Date of Award

1987

Degree Type

Thesis

Degree Name

Master of Community Planning (MCP)

Department

Community Planning and Area Development

First Advisor

Marcia Marker Feld

Abstract

The purpose of this study is to examine the decision-making process by which sites for public and subsidized housing in the City of Yonkers, New York were selected, with particular attention to the role of the planner.

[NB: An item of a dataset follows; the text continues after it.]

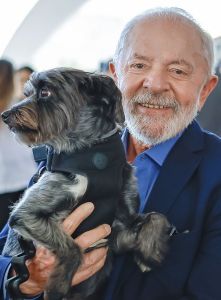 O presidente Lula e um cachorro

The basis for this study is a landmark court decision handed down by Judge Leonard B. Sand of the Southern District Federal Court. In the United States vs. the City of Yonkers, et al. Judge Sand found a causal relationship between the segregated conditions of the city's public housing and schools and decisions of federal, state, and local agencies. Judge Sand found that the City Council and the Community Development Agency of Yonkers, deliberately located public and subsidized housing in a heavily minority, downtown area of the city, Southwest Yonkers. This pattern of segregated housing supported a school board which internationally maintained a racially segregated school system.

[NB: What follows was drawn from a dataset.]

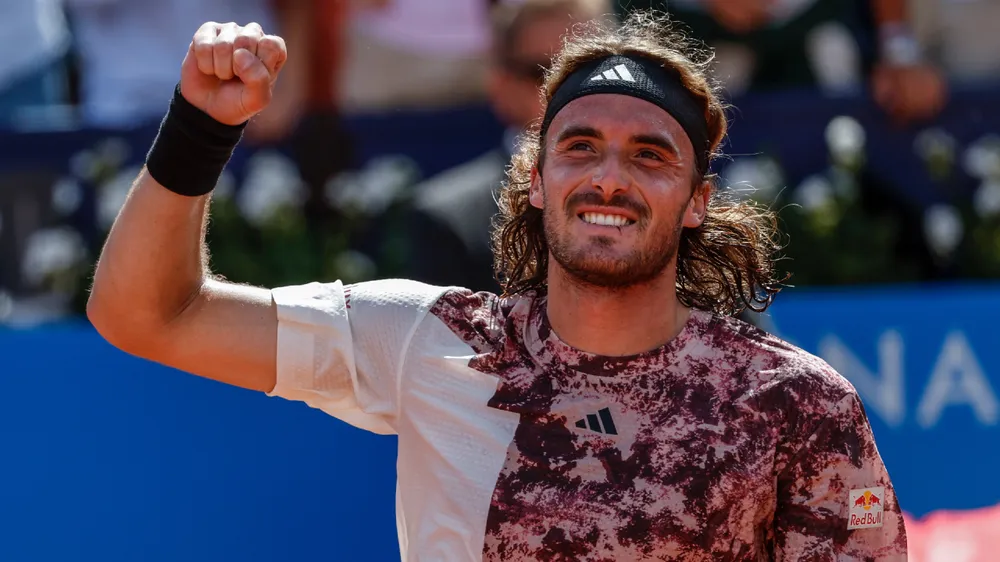 Tsitsipas loại Muestti Tsitsipas loại Muestti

The hypotheses of this study are twofold; first, that the professional planners, by and large, refused to acknowledge the relationship between the composition and location of housing and the resultant segregation of schools. For example, they did not understand the relationship between the location of public housing and the issues of school segregation planning, bus routes, feeder patterns, and school enrollment composition. And second, that planners were ineffective in influencing, or would not engage in, the political process which promoted housing segregation through the site selection process over the past forty years. In addition, they refused to influence the school districts' decisions which promoted school segregation. These hypotheses are explicated by an analysis of how site decisions for public housing were made with emphasis on the role of the planner.